Converting a Gomoku winning strategy from a small board to a winning strategy on a larger board

Gomoku is the game where Black and White take turns placing stones of their own color, and the winner is the player who first gets five of their own stones in a row. Black moves first.

In Gomoku on an infinite big board, I made the following claim:

If Black can win on a $15\times 15$ board, he can certainly win on an infinite board, since he can pretend to be playing on a $15\times 15$ board, and if White plays outside the imaginary boundary, so much the better for Black.

I am no longer happy with this argument. Here is a counterargument:

Suppose Black pretends to be playing on a $15\times 15$ board, making all his moves inside the imaginary boundary of a $15\times 15$ region. If White has the opportunity to make any five moves outside the imaginary boundary before Black wins inside the boundary, White will win first. Thus if White can find a strategy $S$ for the $15\times 15$ board that delays Black's win long enough for her to pass five times, then she can win on the infinite board by playing $S$ against Black, and using her pass moves to play outside the imaginary boundary.

My idea is that Black's winning strategy might take a long time to execute, say 103 moves, and perhaps pass moves by White only allow Black to speed up his win by a moderate amount; say by passing at the correct times, White can still force Black to take 37 moves to win. Then despite Black's winning strategy for the $15\times 15$ board, White can win on the infinite board if Black does not defend outside the $15\times15$ region.

One of the two arguments must fail. Right now, I think it's the first one that fails. My questions are:

  1. Is there some reason that I've overlooked that the notional winning strategy $S$ for White can't exist?

  2. If there isn't, does such a strategy exist?

  3. Is there any way in general to convert winning strategies on smaller boards to winning strategies on a larger boards?


Solution 1:

In József Beck's book Combinatorial Games: Tic-Tac-Toe Theory, he states the following open problems ("unrestricted $5$-in a row" is Gomoku on an infinite board):

Open Problem 4.1. Is it true that unrestricted $5$-in-a-row is a first player win?

Open Problem 4.2. Is it true that unrestricted $n$-in-a-row is a draw for every $n\ge6$?

There are some relevant counterexamples in the more general setting of "positional games". The following information is from pp. 78-84 of József Beck's book.

A positional game is defined by a hypergraph $(V,E)$ where $V$ is the vertex set (or board) and $E$ is the set of (hyper-)edges (or winning sets), a collection of nonempty finite subsets of $E$. Two players take turns picking (previously unpicked) vertices; the game is won by the first player to succeed in picking all the vertices of a winning set.

The following example, attributed to Fred Galvin, illustrates what Beck calls "the Induced Extra Set Paradox". The board is $V=\{1,2,3,4,5,6,7\}$; the winning sets are $\{1,2,3\},\{1,3,4\},\{1,4,5\},\{1,2,5\},\{4,5,6\},\{4,5,7\},\{6,7\}$. This game is a draw, but it becomes a first-player win if the board is restricted to the subset $\{1,2,3,4\}$ with winning sets $\{1,2,3\},\{1,3,4\},\{1,4,5\},\{1,2,5\}$.

In Galvin's example the hypergraph is non-uniform, meaning that the winning sets are not all the same size. Here is a slightly larger example of the same phenomenon, attributed to Sujith Vijay, where the winning sets are all triples: the board is $V=\{1,2,3,4,5,6,7,8,9\}$, the winning sets are $\{1,2,3\},\{1,2,4\},\{1,2,5\},\{1,3,4\},\{1,5,6\},\{3,5,7\},\{2,4,8\},\{2,6,9\}$. This game is a draw, but the restriction to the board $\{1,2,3,4,5,6,7\}$ is a first-player win.

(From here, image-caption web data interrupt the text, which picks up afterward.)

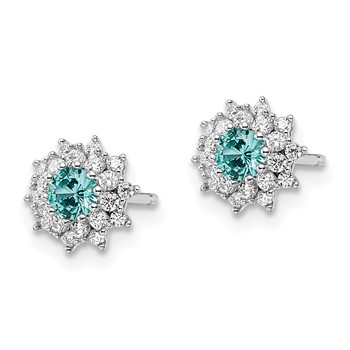 Sterling Silver Rhodium plated Teal & White CZ Post Earrings — alternate view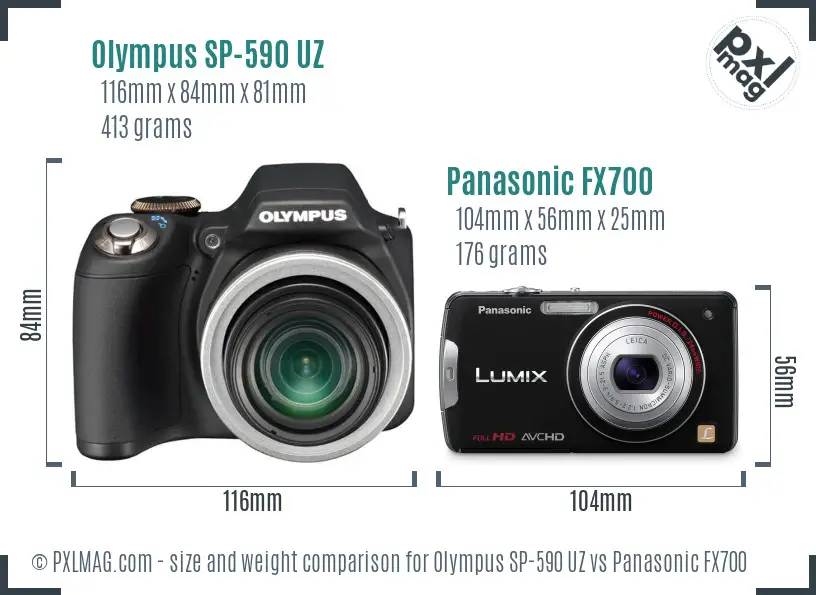Olympus SP-590 UZ vs Panasonic FX700 size comparison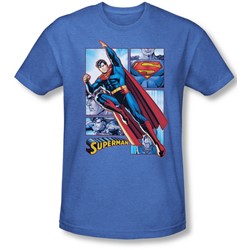 Justice League, The - Mens Superman Panels T-Shirt In Royal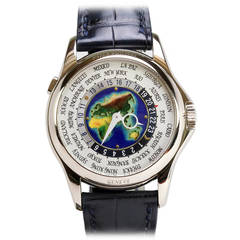 Patek Philippe White Gold World Time Cloisonné Dial Wristwatch Ref 5131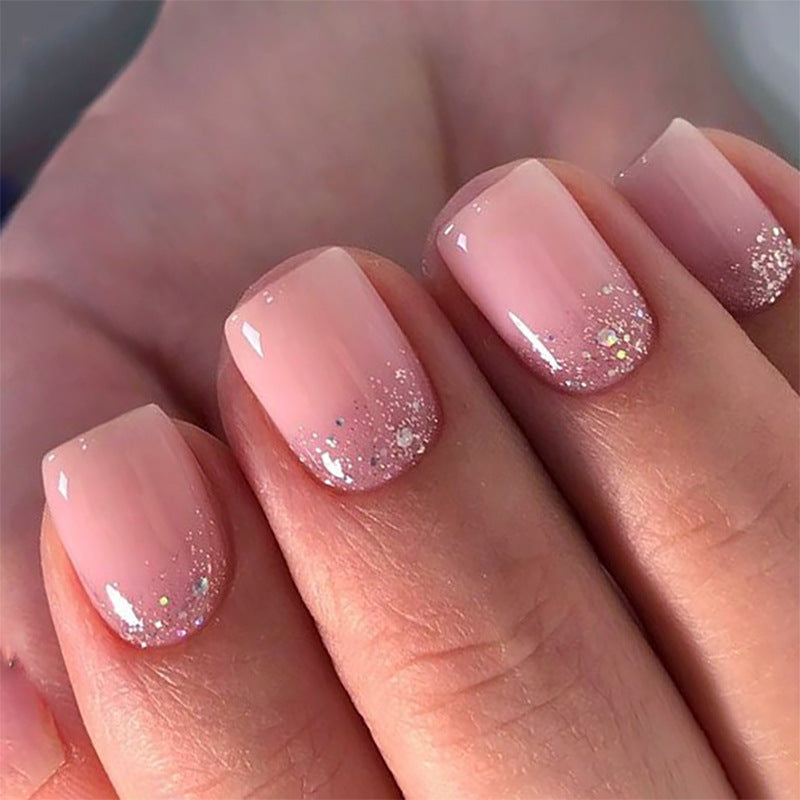 Reverse French gold glitter gradual change simple short square press-on nails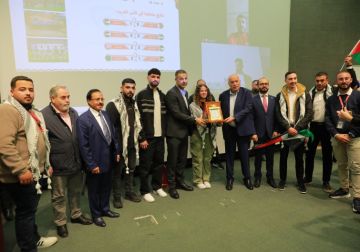 الجامعة العربية الأمريكية تستقبل المنتخب الوطني الفلسطيني الفدائي بفعالية وطنية كبيرة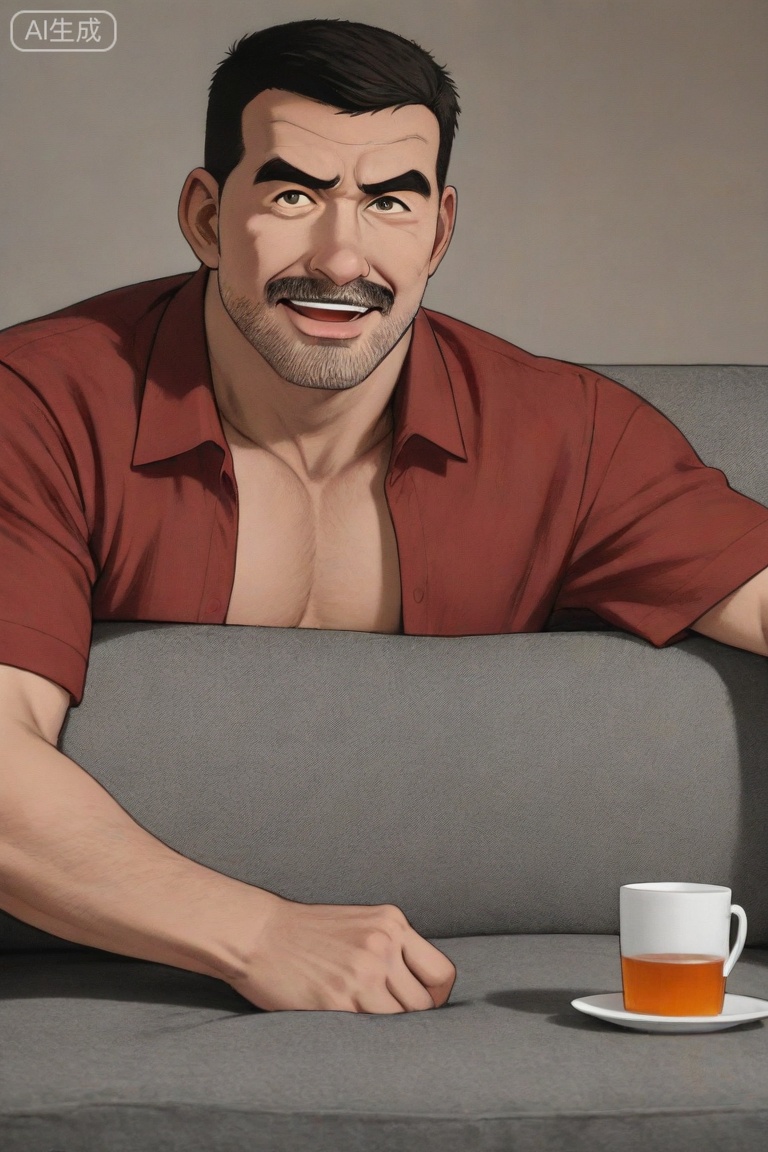 质量词：masterpiece, best quality, safe, amazing quality, very aesthetic, absurdres, highres, newest, HDR, 8K, high detail RAW color art, DSLR shot. 
画风：comic,
人物特征：1man,short hair,facial hair,mustache,
事件：solo,looking at viewer,smile,open mouth,upper body,collared,shirt,red shirt,Polite expression,open shirt,
sitting,couch,cup,take off shirt,
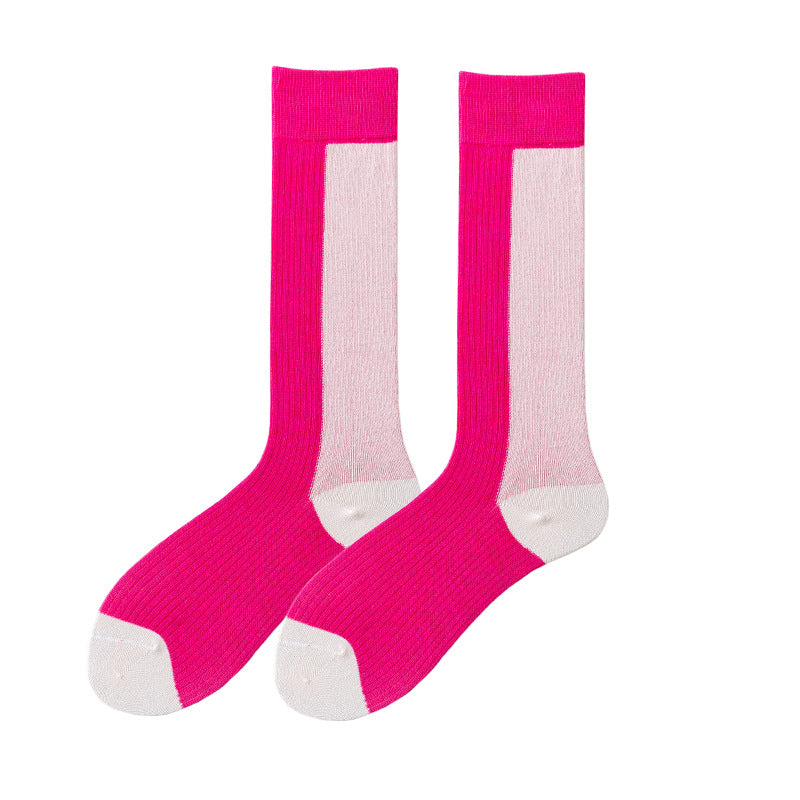 Women's High Tube Calf And Knee Pile Stockings Cotton Socks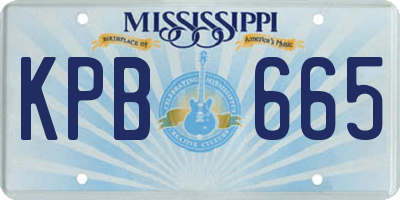 MS license plate KPB665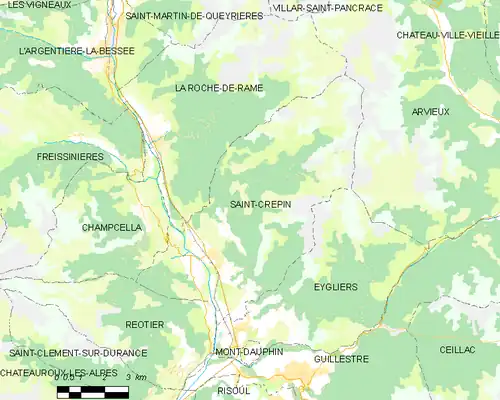 Detailkaart van de gemeente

Beck states the following open problems concerning generalized Tic-Tac-Toe, analogous to your question 3:

Open Problem 5.2 Is it true that, if the $n^d$ Tic-Tac-Toe is a first player win, then the $n^D$ game, where $D\gt d$, is also a win?

Open Problem 5.3. Is it true that, if the $n^d$ game is a draw, then the $(n+1)^d$ game is also a draw?

Solution 2:

Yes, the strategy stealing argument works on all board sizes to prove white cannot win. I agree that it is possible that black must play outside the original $15 \times 15$ to block white. You are assuming that black will select at the start a $15 \times 15$ area to play in that will be a win, but that is not required. If the board is $19 \times 19$, black is allowed to play anywhere on the board. I can't see an easy proof that black winning on $15 \times 15$ proves he wins on all larger boards. It could be that the flow in the$15 \times 15$ case lets white make threats on a larger board that take more moves for black to counter than white took to set up. That would allow some board sizes greater than $15 \times 15$ to be a draw, but no way white wins.